FIG. 3 shows a plan view where the radiating element is only slightly smaller than the ground plane 14 in terms of area (x and y dimensions) (e.g., the ground plane 14 is the same size or only up to 5% larger than the radiating element 12). Surrounding the periphery of the ground plane 14 are a series of 3D FSS 16 elements as described in conjunction with FIGS. 2a-d. However, the FSS 16 can take other forms. The primary function of the FSS is to pass the out-of-bounds frequencies while being able to reflect one or more of the operating frequencies of the radiating element.

Claims

1. A vehicle with at least one antenna having reduced radio cross-section characteristics, comprising:

at least one radiating element mounted on one side of a surface of the vehicle;

a ground plane mounted on an opposite side of the surface of the vehicle and in alignment with the at least one radiating element in a z dimension, wherein the ground plane and the at least one radiating element have approximately a same x and y dimensions;

a frequency selective surface positioned adjacent an outer periphery of the ground plane on the opposite side of the surface of the vehicle, the frequency selective surface being substantially transparent at out-of-band frequencies of the at least one radiating element and being reflecting at one or more operating frequencies of the at least one radiating element; and

a multilayer absorber positioned over the frequency selective surface and the ground plane and spaced away from the opposite side surface of the vehicle in the z dimension by a thickness of the ground plane and the frequency selective surface.

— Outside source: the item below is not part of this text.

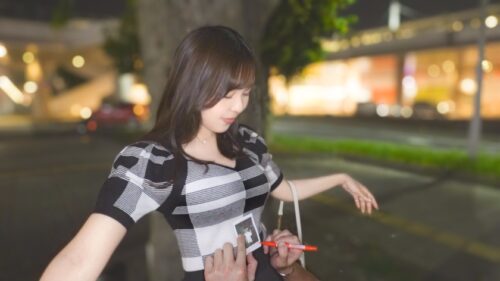 「筋肉大好きゆるふわ系人妻【さき 32歳】 言われるがままに優しく包み込むフェラと肉感たまらない適度に熟れた身体の豪快爆撃セックス!! マジ軟派、初撮。 2237」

2. The vehicle of claim 1 wherein the vehicle is an aircraft.

3. The vehicle of claim 2 wherein the aircraft is a missile.

4. The vehicle of claim 2 wherein the aircraft is a drone.

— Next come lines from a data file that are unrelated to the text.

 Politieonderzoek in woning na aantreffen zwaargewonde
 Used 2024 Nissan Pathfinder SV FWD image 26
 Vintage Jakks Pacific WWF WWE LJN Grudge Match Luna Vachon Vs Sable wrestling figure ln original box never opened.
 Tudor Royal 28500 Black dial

5. The vehicle of claim 2 wherein the aircraft is a plane.

6. The vehicle of claim 1 wherein the vehicle is a track or wheeled vehicle.

7. The vehicle of claim 1 wherein the at least one radiating element is a single antenna.

8. The vehicle of claim 1 wherein the at least one radiating element is an array of antennas.

9. The vehicle of claim 1 wherein the x and y dimensions of the ground plane are within 5% of the x and y dimensions of the at least one radiating element.

10. The vehicle of claim 1 wherein the multilayer absorber is a polyurethane foam designed to provide approximately −10 dB reflection coefficient over a desired frequency band.